IN DIFFERING DEGREES...THE 12Z EUROPEAN/GGEM/GFS ALL DEVELOP LOW 
PRESSURE NEAR THE UPPER LAKES SUNDAY...WITH ALL MODELS EVENTUALLY 
LIFTING THIS LOW INTO QUEBEC SUNDAY NIGHT. THIS IS CONSISTENT WITH 
PREVIOUS RUNS...AND INCREASES CONFIDENCE IN SIGNIFICANTLY COLDER 
TEMPERATURES EARLY NEXT WEEK. 

THE COLD AIR APPEARS TO COME IN TWO WAVES...FIRST AN INITIAL COLD 
FRONT IS FORECAST TO CROSS SUNDAY AFTERNOON OR SUNDAY NIGHT. THEN A 
SECONDARY FRONT SHOULD USHER IN THE REAL COLD AIR ON MONDAY OR 
MONDAY NIGHT. 

AHEAD OF THIS FRONT...TEMPERATURES SHOULD BE MUCH ABOVE NORMAL FOR 
THE FIRST DAY OF THE NEW YEAR. HIGH SHOULD BE IN THE 40S ACROSS MUCH 
OF THE REGION. THE FRONT WILL BRING A CHANCE OF AFTERNOON RAIN 
SHOWERS...WITH A CHANCE OF SNOW SHOWERS BEHIND THE FRONT AS COLDER 
AIR WORKS IN...AND THE THREAT FOR LAKE EFFECT COMMENCES.

TEMPERATURES SHOULD BE COLDER ON MONDAY...AND COLDER STILL ON 
TUESDAY. BY TUESDAY...EXPECT TEMPERATURES TO BE BELOW NORMAL...WITH 
HIGHS RANGING FROM THE TEENS TO LOWER 20S. FOR THE FIRST TIME THIS 
SEASON...WINDS CHILLS MAY DROP BELOW ZERO IN MANY LOCATIONS ON 
MONDAY AND/OR TUESDAY NIGHTS. 

WITH THE COLDER TEMPERATURES...THERE WILL ALSO BE THE POTENTIAL FOR 
PERSISTENT LAKE EFFECT SNOWS.  MODELS DIFFER QUITE A BIT ON WIND 
DIRECTION AND SPEED...SO ITS DIFFICULT TO GET TOO SPECIFIC ON 
LOCATIONS...OTHER THAN THE TYPICAL LAKE EFFECT AREAS WOULD BE THE 
MOST LIKELY LOCATIONS TO WATCH. FOR NOW...WILL CARRY CHANCE POPS 
MONDAY AND TUESDAY. HIGH PRESSURE IS FORECAST TO BUILD ACROSS THE 
REGION BY WEDNESDAY...WITH DRY BUT COOL WEATHER EXPECTED."

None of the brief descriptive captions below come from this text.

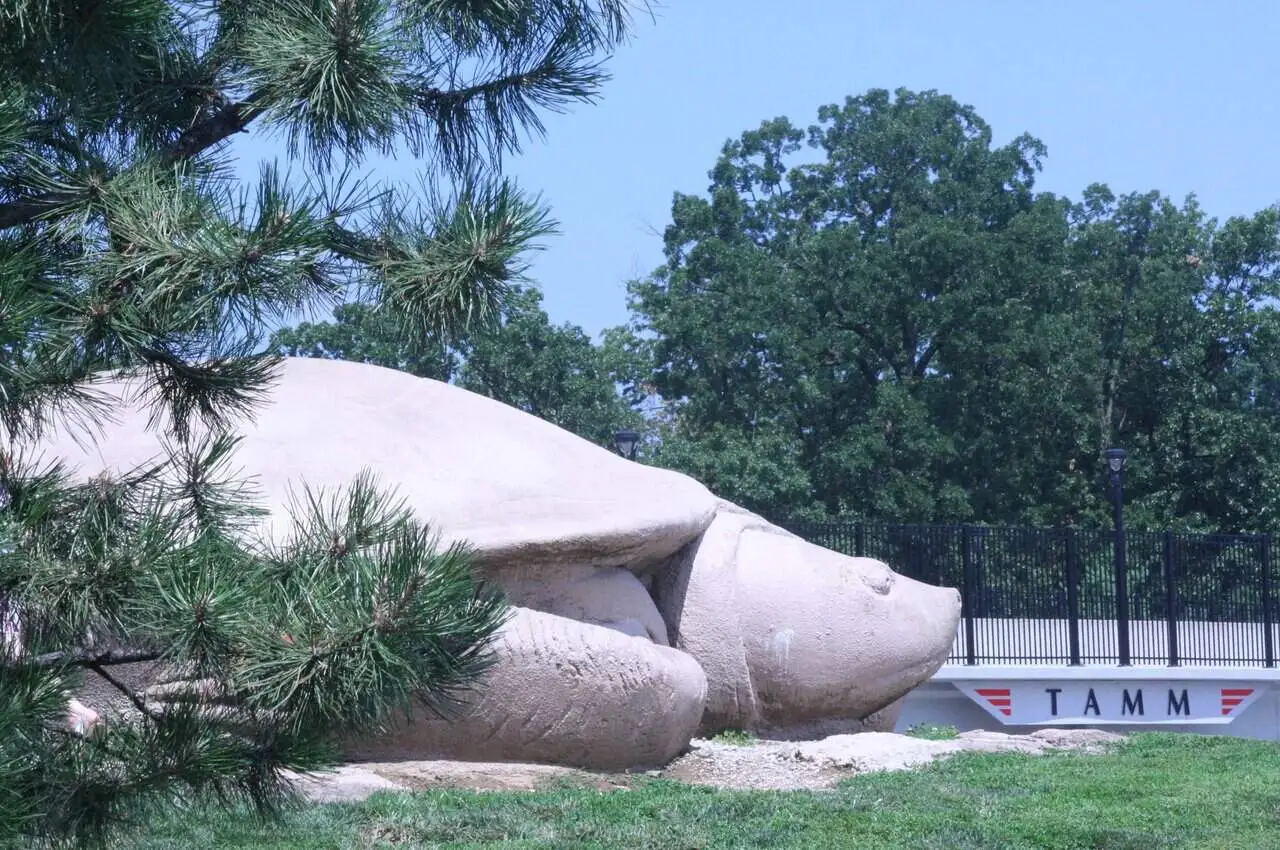 turtle sculpture in park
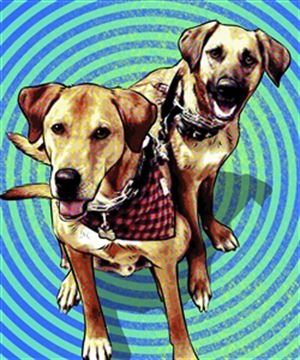Retro Pop Art Portraits from Photos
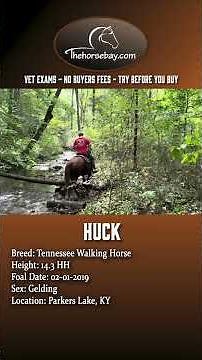 Gaited/Trail/Ranch Tennessee Walking Horse Gelding For Sale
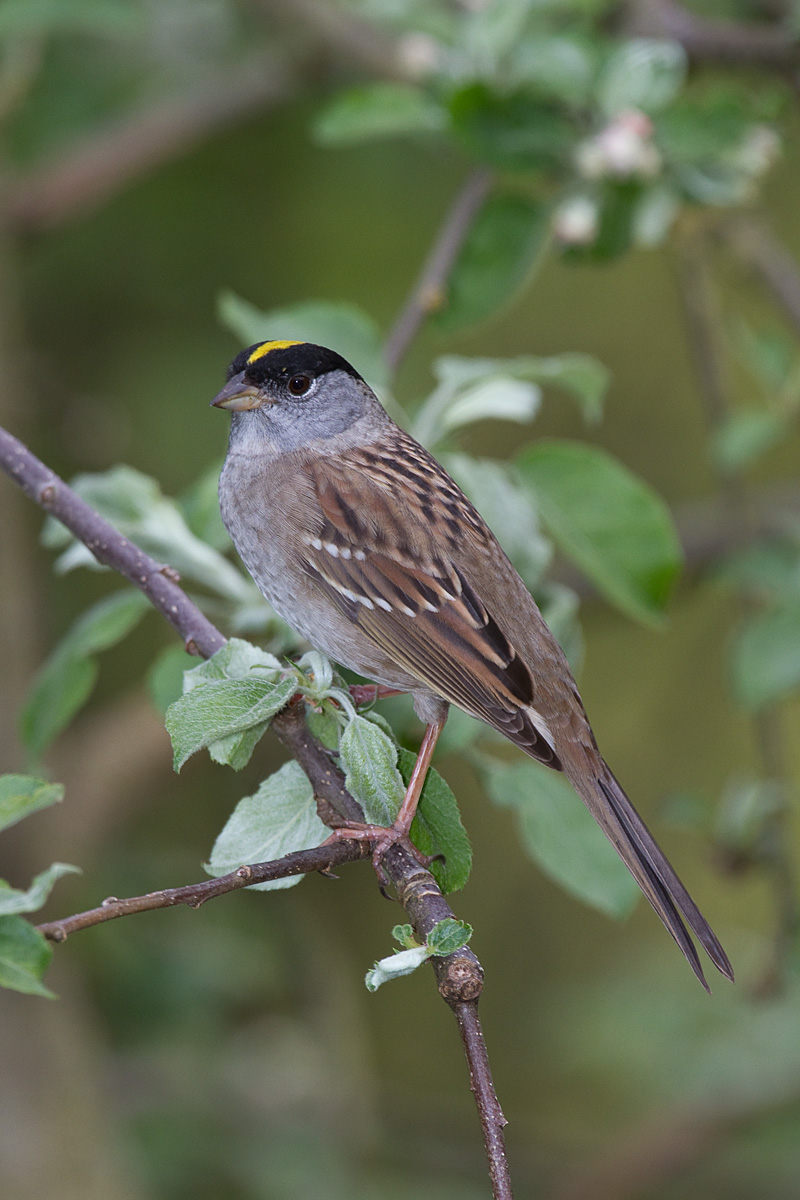Golden-crowned Sparrow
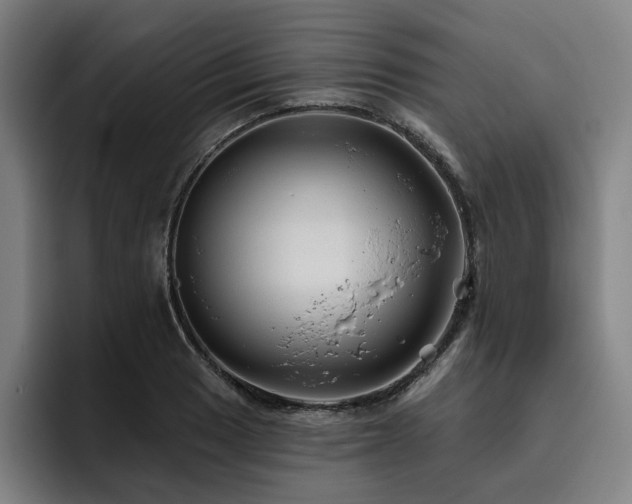 X0000093471033200710121421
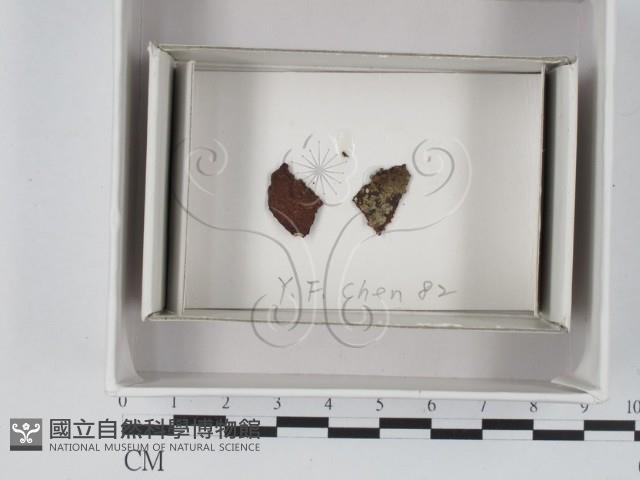 登錄號:F0020572藏品圖，第1張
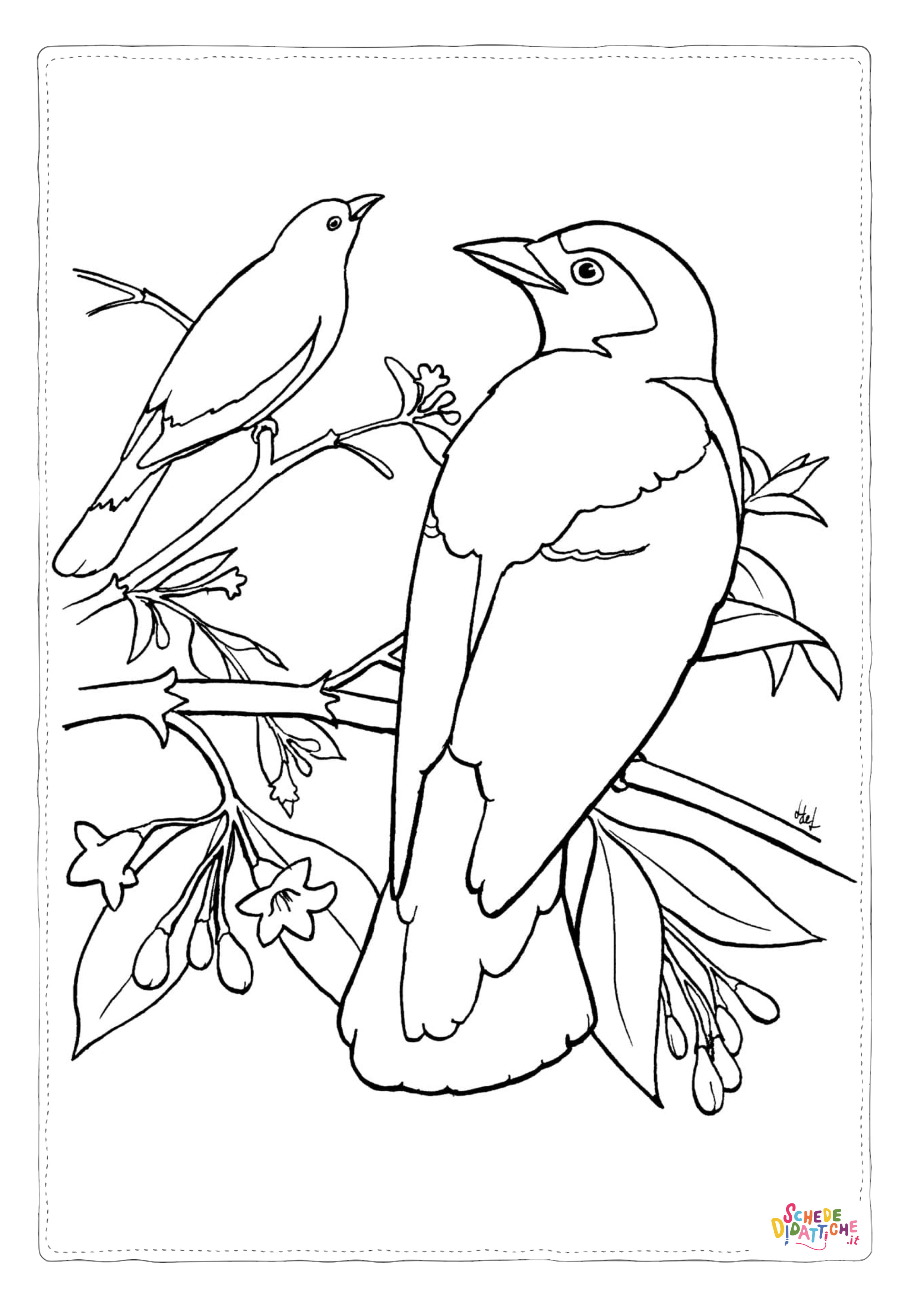 Disegno "Disegno di passero da stampare e colorare 118" Disegno di passero da stampare e colorare 118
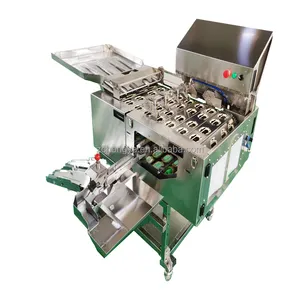 High Speed Fully Automatic Egg Processing Equipment White and Yolk Separating Machine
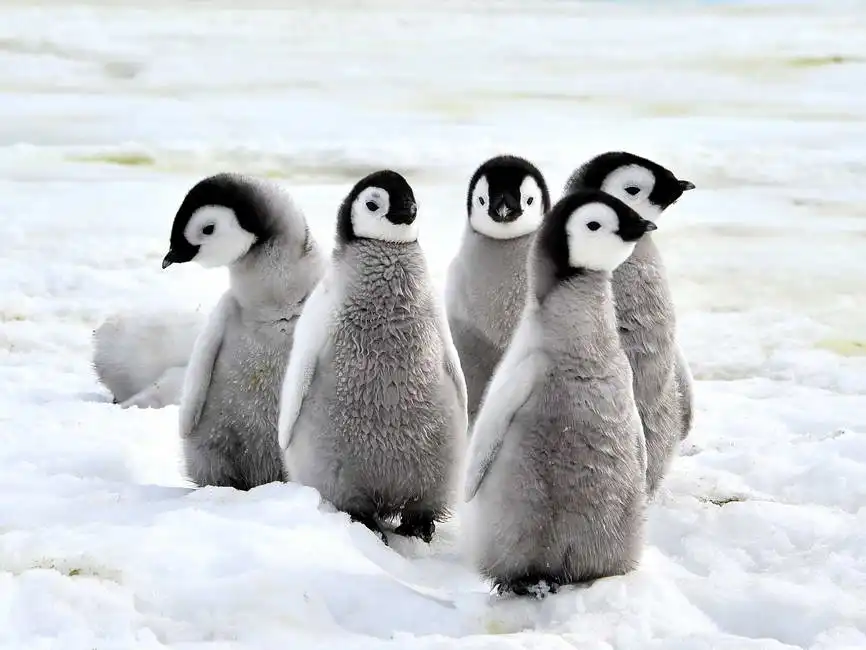 Unknown: Pinguini imperatore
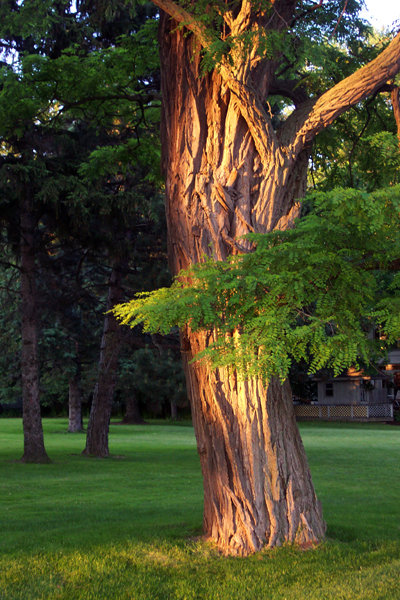 Auburn, NY: Sunset light cast on an Owasco Country Club tree in Auburn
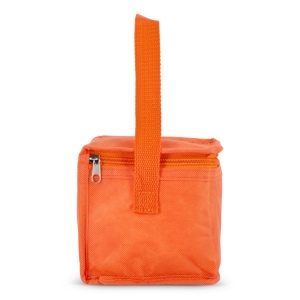 R-PET 6 Sac isotherme non tissé 20x 13 x 12.5cm 75g/m² 34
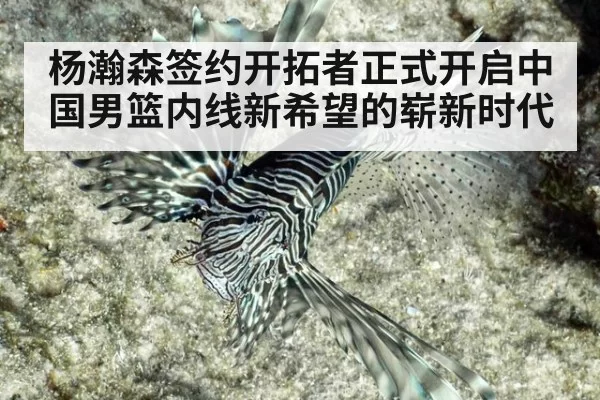杨瀚森签约开拓者正式开启中国男篮内线新希望的崭新时代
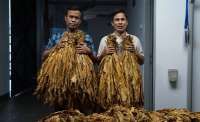 Jutaan Pekerja Industri Hasil Tembakau Terancam PHK Massal, Ini Pemicunya!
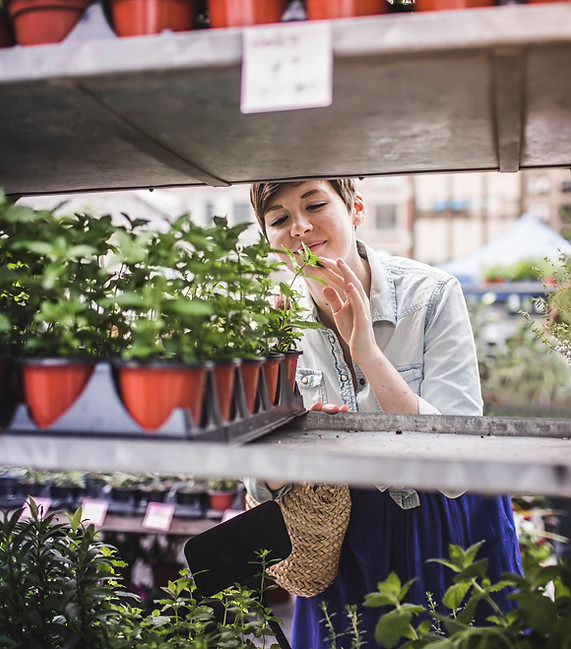 Woman Shopping at Plant Market
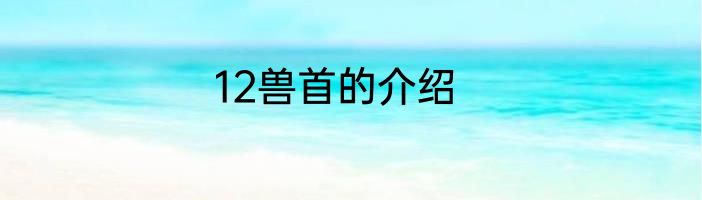12兽首的介绍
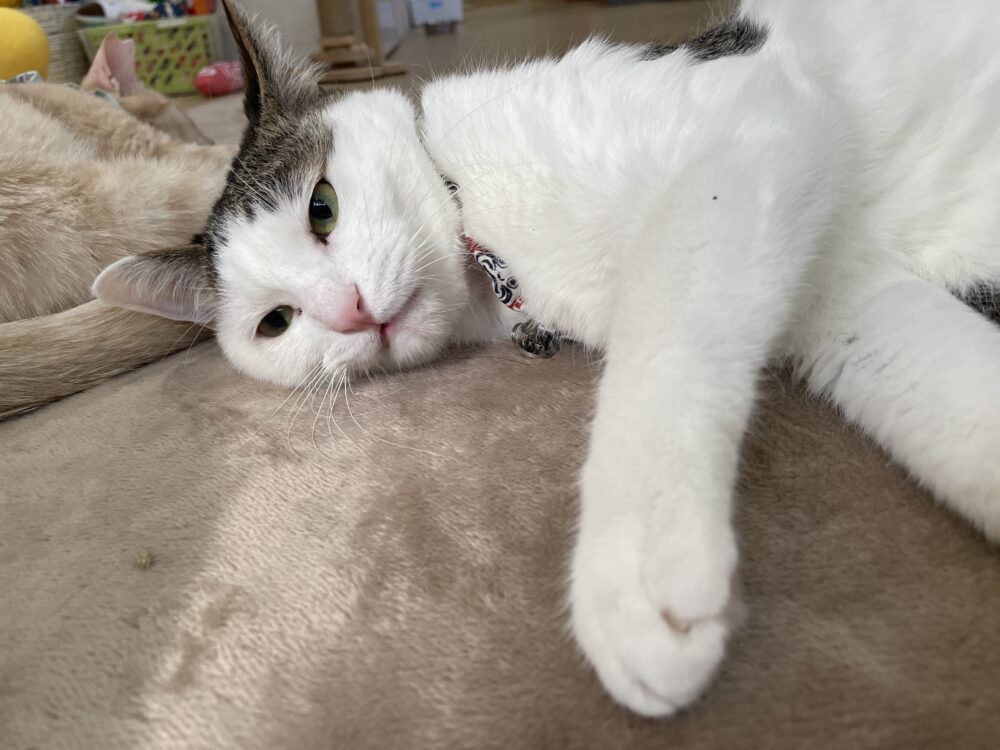 ぽかぽか月曜日😊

Let us all forget that this December even happened. Thank you Ullr! Thank you Allah! Thank you Jesus! Thank you Bhuda! Thank you..................................


----------



## thetrailboss (Dec 29, 2011)

Well, as *Unofficial Networks reported, Jesus is a skier:*


----------



## jaja111 (Dec 29, 2011)

Another one.


----------



## drjeff (Dec 29, 2011)

Why was I thinking that there'd be a picture of Tim Tebow in this thread already?


----------



## legalskier (Dec 29, 2011)

thetrailboss said:


> Well, as *Unofficial Networks reported, Jesus is a skier:*



Rentals?!


----------



## kickstand (Dec 29, 2011)




----------



## Abubob (Dec 29, 2011)

I would think he'd at least be a tele skier with that long hippy hair and beard.


----------